Disk Arrays
The most common hardware
malfunction is probably a hard disk failure. Even though hard disks have
become more reliable over time, they are still subject to failure,
especially during their first month or so of use. They are also
vulnerable to both catastrophic and degenerative failures caused by
power problems. Fortunately, disk arrays have become the norm for most
servers, and good fault-tolerant RAID systems are available in Windows
Server 2003 and RAID-specific hardware supported by Windows Server 2003.
The choice of software or hardware RAID, and the particulars of how you
configure your RAID system, can significantly affect the cost of your
servers. To make an informed choice for your environment and needs, you
must understand the trade-offs and the differences in fault tolerance,
speed, configurability, and so on.
Hardware vs. Software
RAID can be
implemented at the hardware level, using RAID controllers, or at the
software level, either by the operating system or by a third-party
add-on.
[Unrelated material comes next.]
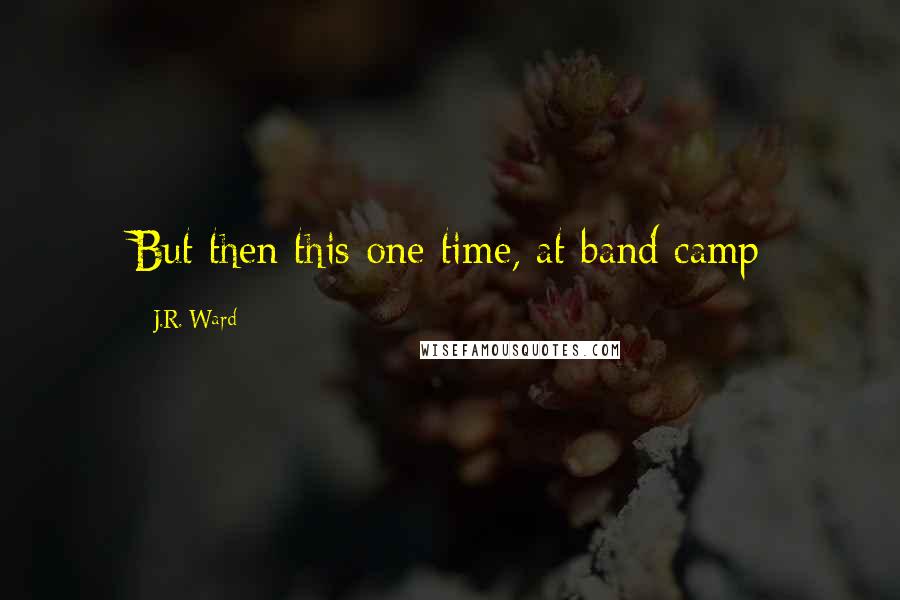 J.R. Ward Quotes: But then this one time, at band camp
Windows Server 2003 supports both hardware RAID and its own
software RAID.
Hardware RAID
implementations require specialized controllers and cost significantly
more than an equal level of software RAID. However, for that extra
price, you get a faster, more flexible, and more fault-tolerant RAID.
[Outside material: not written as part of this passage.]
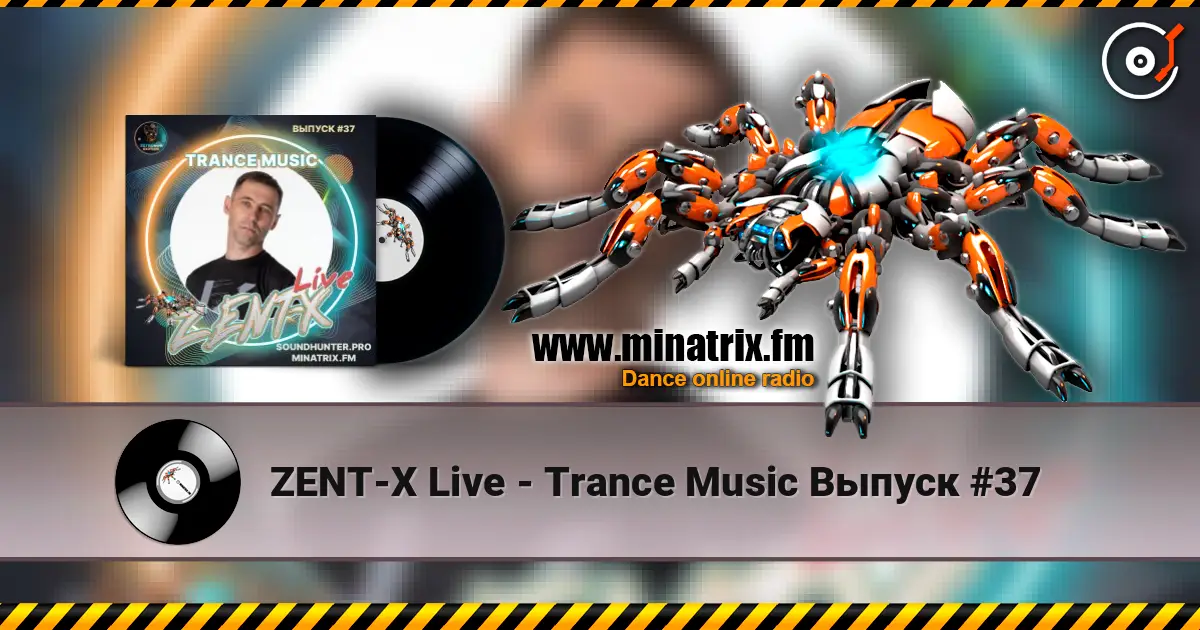 ZENT-X Live - Trance Music Выпуск #37 listen online in high quality | Minatrix.FM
When compared to the software RAID provided in Windows Server 2003, a
good hardware RAID controller supports more levels of RAID,
on-the-fly reconfiguration of the arrays, hot-swap and hot-spare drives, and dedicated caching of both reads
and writes.
Implementing
software RAID in Windows Server 2003 requires that you first convert
your disks to dynamic disks. That means your disks will no longer be
locally available to other operating systems, although this really
shouldn’t be a problem in a production environment since dual-boot is
rarely used there. However, you should consider carefully whether you
want to convert your boot disk to a dynamic disk. Dynamic disks can be
more difficult to access if a problem occurs, and the Windows Server
2003 setup and installation program provides only limited support. For
maximum fault tolerance, we recommend using hardware mirroring (RAID 1)
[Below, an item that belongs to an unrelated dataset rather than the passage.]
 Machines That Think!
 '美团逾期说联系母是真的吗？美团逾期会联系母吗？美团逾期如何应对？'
on your boot drive; if you do use software mirroring, make sure that you
create the required fault-tolerant boot floppy disk and test it
thoroughly before you need it.
RAID Levels for Fault Tolerance
Except for
level 0, RAID is a mechanism for storing sufficient information on a
group of hard disks such that even if one hard disk in the group fails,
no information is lost. Some RAID arrangements go even further,
providing protection in the event of multiple hard disk failures. The
more common levels of RAID and their appropriateness in a fault-tolerant
environment are shown in Table 1.
Table 1. RAID levels and their fault tolerance
Level | Number of Disks | Speed | Fault Tolerance | Description |
---|
0 | N | +++ | - - - | Striping
alone. Not fault-tolerant—it actually increases your risk of
failure—but does provide for the fastest read and write performance. |
1 | 2N | + | ++ | Mirror
or duplex. Slightly faster read than single disk, but no gain during
write operations. Failure of any single disk causes no loss in data and
minimal performance hit. |
3 | N+1 | ++ | + | Byte-level
parity. Data is striped across multiple drives at the byte level with
the parity information written to a single dedicated drive. Reads are
much faster than with a single disk, but writes operate slightly slower
than a single disk because parity information must be generated and
written to a single disk. Failure of any single disk causes no loss of
data but can cause a significant loss of performance. |
4 | N+1 | ++ | + | Block-level parity with a dedicated parity disk. Similar to RAID-3 except that data is striped at the block level. |
5 | N+1 | + | ++ | Interleaved
block-level parity. Parity information is distributed across all
drives. Reads are much faster than a single disk but writes are
significantly slower. Failure of any single disk provides no loss of
data but results in a major reduction in performance. |
0+1 and 10 | 2N | +++ | ++ | Striped
mirrored disks or mirrored striped disks. Data is striped across
multiple mirrored disks or multiple striped disks are mirrored. Failure
of any one disk causes no data loss and no speed loss. Failure of a
second disk could result in data loss. Faster than a single disk for
both reads and writes. |
Other | Varies | +++ | +++ | Array
of RAID arrays. Different hardware vendors have different proprietary
names for this RAID concept. Excellent read and write performance.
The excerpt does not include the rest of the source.